■ **Work to be completed**
Copy each line of the material in which the word "with" appears.

■ **Data to examine**
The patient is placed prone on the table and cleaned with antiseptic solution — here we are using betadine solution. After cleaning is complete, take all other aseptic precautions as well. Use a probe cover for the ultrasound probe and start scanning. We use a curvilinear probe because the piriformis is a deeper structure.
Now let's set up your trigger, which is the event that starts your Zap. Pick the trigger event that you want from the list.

* * *

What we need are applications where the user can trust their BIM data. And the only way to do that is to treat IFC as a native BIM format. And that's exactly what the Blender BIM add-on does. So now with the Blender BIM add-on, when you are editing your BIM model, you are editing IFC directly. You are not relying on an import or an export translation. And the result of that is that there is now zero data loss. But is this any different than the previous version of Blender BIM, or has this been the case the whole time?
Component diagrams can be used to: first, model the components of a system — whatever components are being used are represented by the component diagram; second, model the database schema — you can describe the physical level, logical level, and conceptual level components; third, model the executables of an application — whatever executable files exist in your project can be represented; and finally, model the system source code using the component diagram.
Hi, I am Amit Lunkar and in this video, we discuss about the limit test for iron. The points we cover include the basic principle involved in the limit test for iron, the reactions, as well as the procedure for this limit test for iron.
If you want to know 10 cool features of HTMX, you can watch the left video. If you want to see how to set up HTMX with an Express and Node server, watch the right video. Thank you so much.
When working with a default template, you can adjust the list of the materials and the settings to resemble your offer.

■ **Solution below**
The patient is placed prone on the table and cleaned with antiseptic solution — here we are using betadine solution. After cleaning is complete, take all other aseptic precautions as well. Use a probe cover for the ultrasound probe and start scanning. We use a curvilinear probe because the piriformis is a deeper structure.
What we need are applications where the user can trust their BIM data. And the only way to do that is to treat IFC as a native BIM format. And that's exactly what the Blender BIM add-on does. So now with the Blender BIM add-on, when you are editing your BIM model, you are editing IFC directly. You are not relying on an import or an export translation. And the result of that is that there is now zero data loss. But is this any different than the previous version of Blender BIM, or has this been the case the whole time?
If you want to know 10 cool features of HTMX, you can watch the left video. If you want to see how to set up HTMX with an Express and Node server, watch the right video. Thank you so much.
When working with a default template, you can adjust the list of the materials and the settings to resemble your offer.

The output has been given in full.